La mode est plutôt à l’invocation d’un défaut de motivation. Ou d’une discordance de montants entre le décompte d’huissier et le montant visé à la contrainte, ou encore entre la mise en demeure et le montant de la contrainte.

Voire l’irrégularité de la signature, la contrainte faisant figurer une signature scannée du Directeur de la CIPAV. Sur ce dernier point, la CIPAV doit être la seule caisse en France à soutenir que c’est son « système informatique » qui génère une signature modélisée de son Directeur sur les milliers de contraintes qu’elle émet.

Nous considérons que ce processus ne satisfait pas à des conditions élémentaires de fiabilité permettant une vérification d’habilitation de pouvoir ou de signature. Le TASS de Périgueux a construit depuis juin 2016 une jurisprudence d’annulation en rendant successivement quatre décisions dont trois en novembre 2017, toutes déférées à la Cour d’appel de Bordeaux.

Un magistrat honoraire du TASS de Paris dont il y aurait beaucoup à redire sur sa manière d’appréhender les dossiers et de statuer a très récemment annulé une contrainte sur la base d’un argument astucieux du justiciable : la « référence » de la contrainte n’était pas visée dans le procès-verbal de signification d’huissier.
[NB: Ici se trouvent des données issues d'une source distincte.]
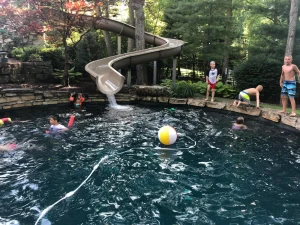 Kids playing in pool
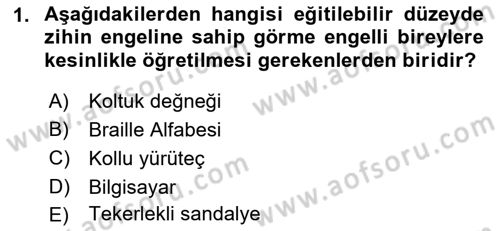 Çoklu Engellilerin Bakım ve Rehabilitasyonu Dersi 2021 - 2022 Yılı (Final) Dönem Sonu Sınav Soruları 1. Soru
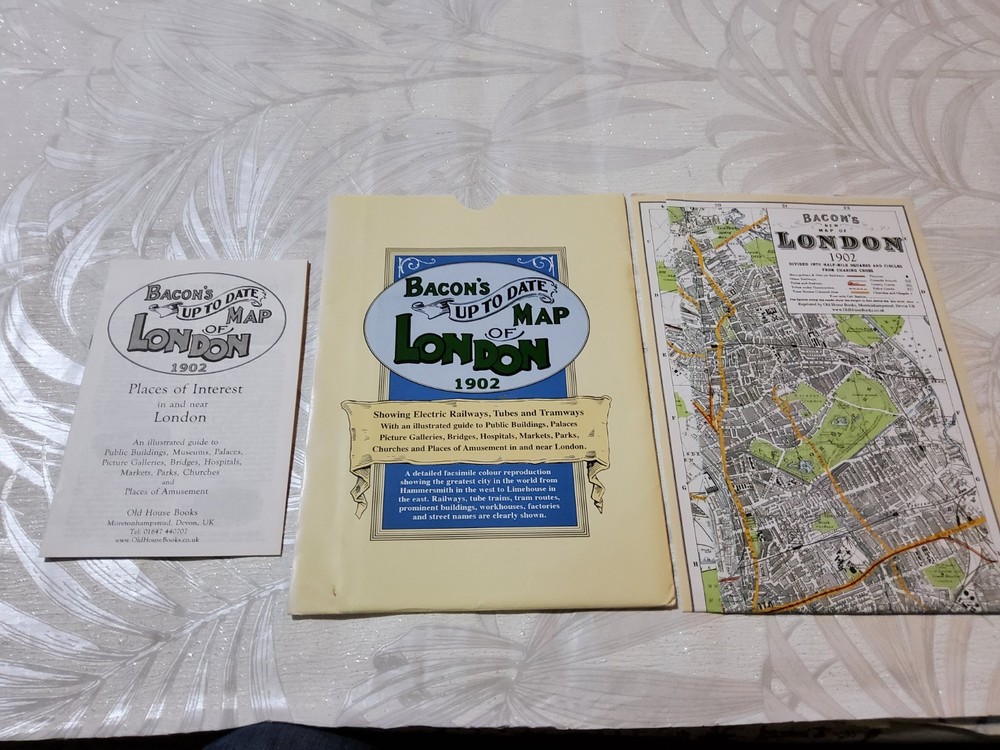 ❤️NEW UNUSED CHEAP❤️G W Bacon’s Up-to-Date Map of London 1902❤️NEW UNUSED RARE❤️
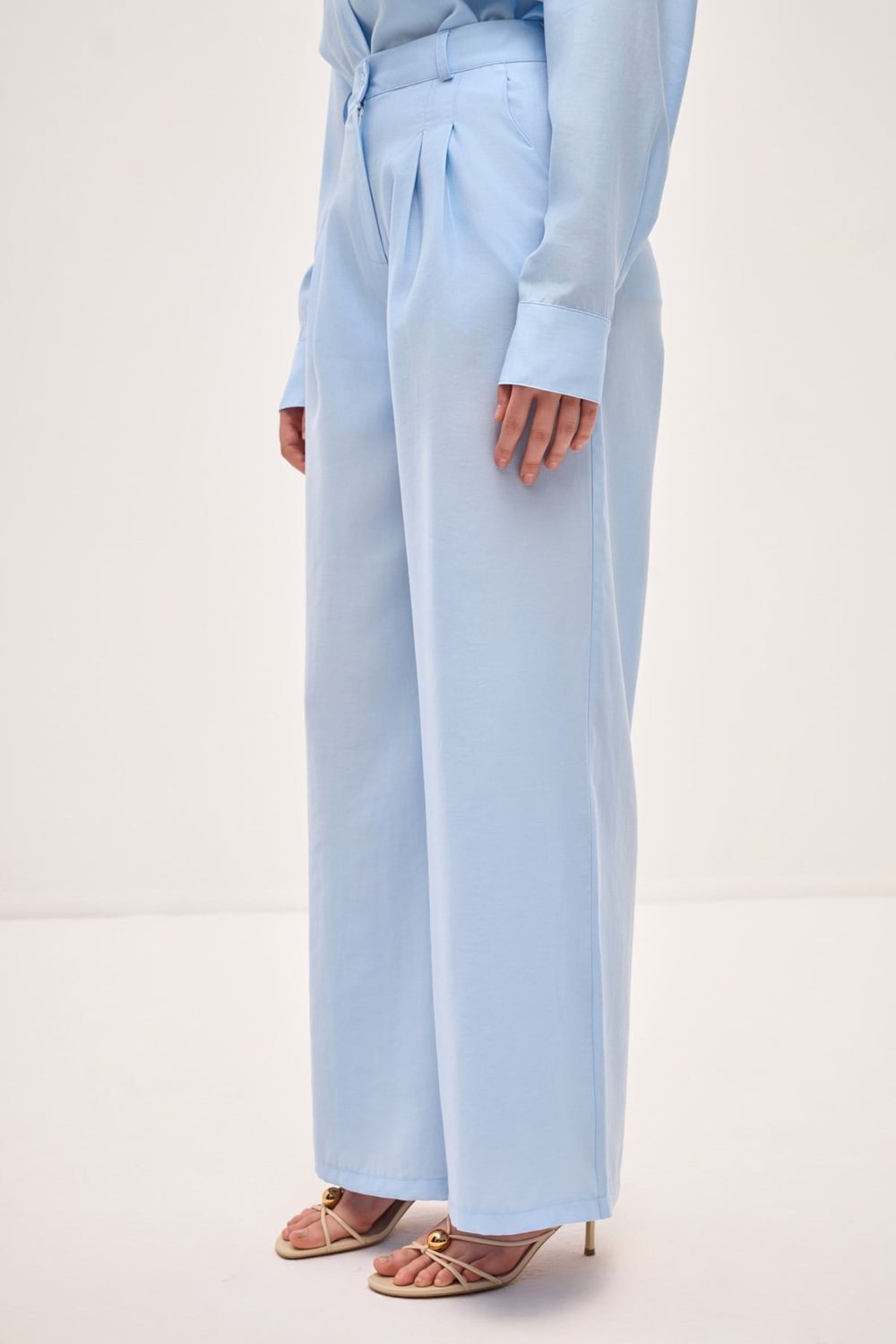 TAŞLANMIŞ MODAL DÖKÜMLÜ PANTOLON BEBE MAVİSİ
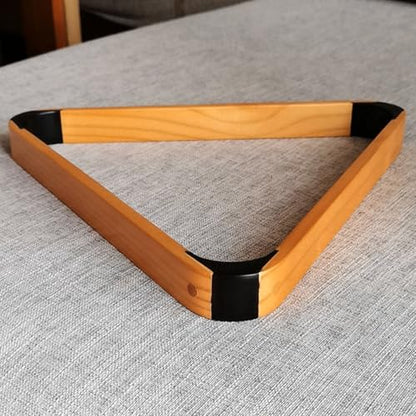 Keenso Billiard Ball Triangle Rack,Billiard Ball Triangle Rack Black 57.2MM Pine British Fancy 9 Ball Pool Ball Rack Yellow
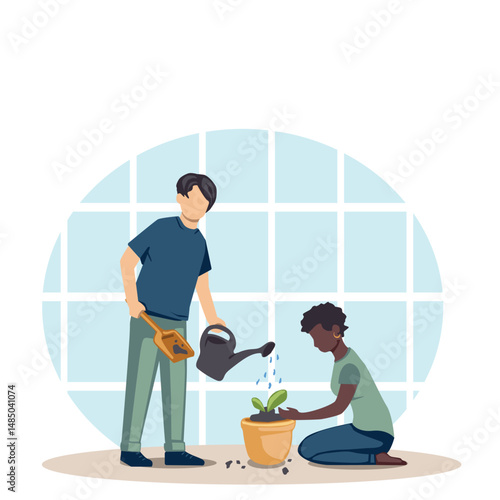 Vector illustration of two people planting a potted houseplant at home, nurturing growth and caring for indoor greenery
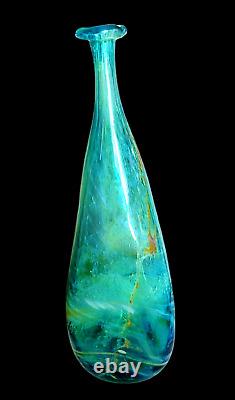 Vintage Art Glass Blue Green Oval Tear Drop Vase Vessel Heavy 15 Tall RARE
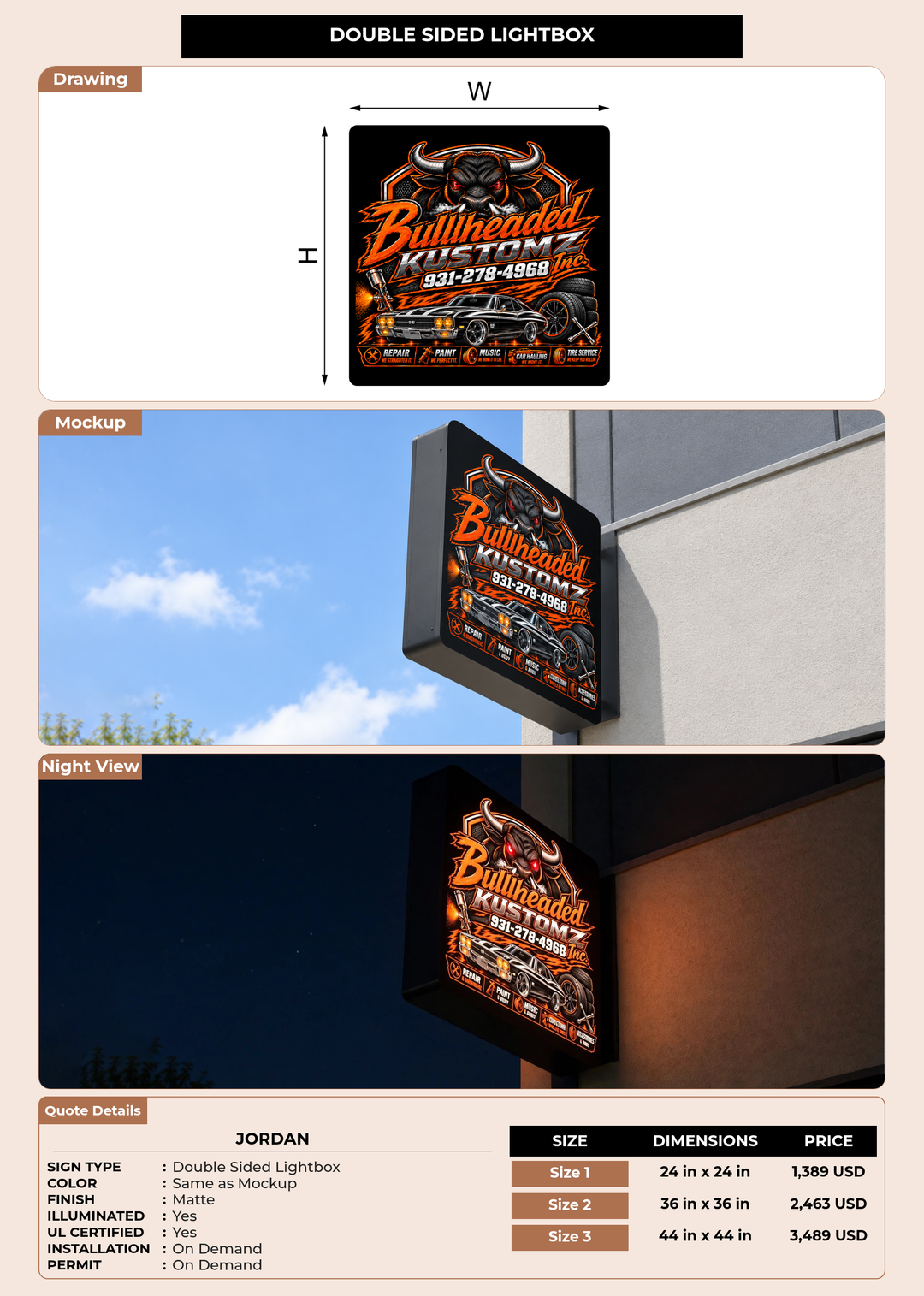 CUSTOM MOCKUP SIGN FOR Jordan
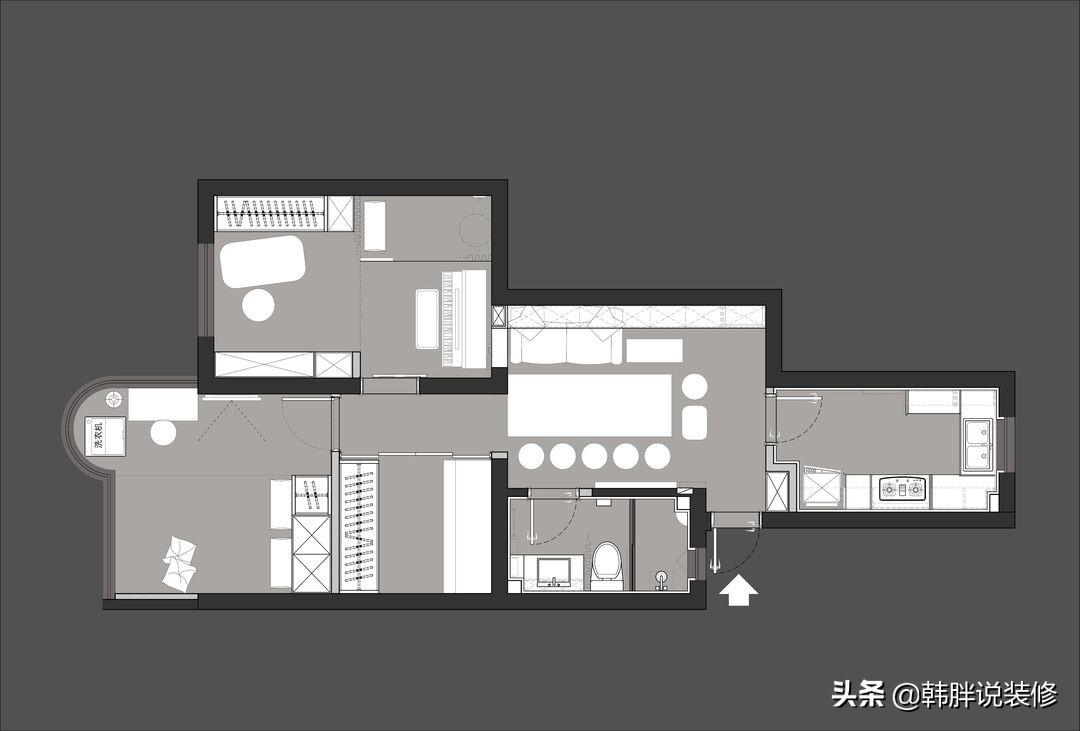 上海51㎡小蜗居，装成四室一厅，到处是隐形功能，三代同堂住一起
Pourquoi pas mais le texte réglementaire impose que cette référence figure à l’acte d’huissier, sous peine de nullité de cet acte, mais pas de nullité de la contrainte elle-même...

En tout cas, en 2018, il faudra s’attendre à une accumulation de décisions des différentes Cours d’appel, probablement axées sur la question de la motivation de la contrainte notamment en provenance d’Aix en Provence, Versailles, Nîmes, Douai, Amiens et Paris. La Cour d’appel de Lyon aurait-elle ouvert le bal fin novembre ? Elle vient en effet d’infirmer un jugement de validation de contrainte en annulant l’acte pour cause de défaut de motivation.

Ainsi un débat en chassera t-il un autre. Lorsque les Cours d’appel règleront le sort des anciennes contraintes, les TASS devront déjà ajuster leurs décisions sur la base de l’examen des nouvelles contraintes de la CIPAV dont on doit bien admettre qu’elles sont plus motivées.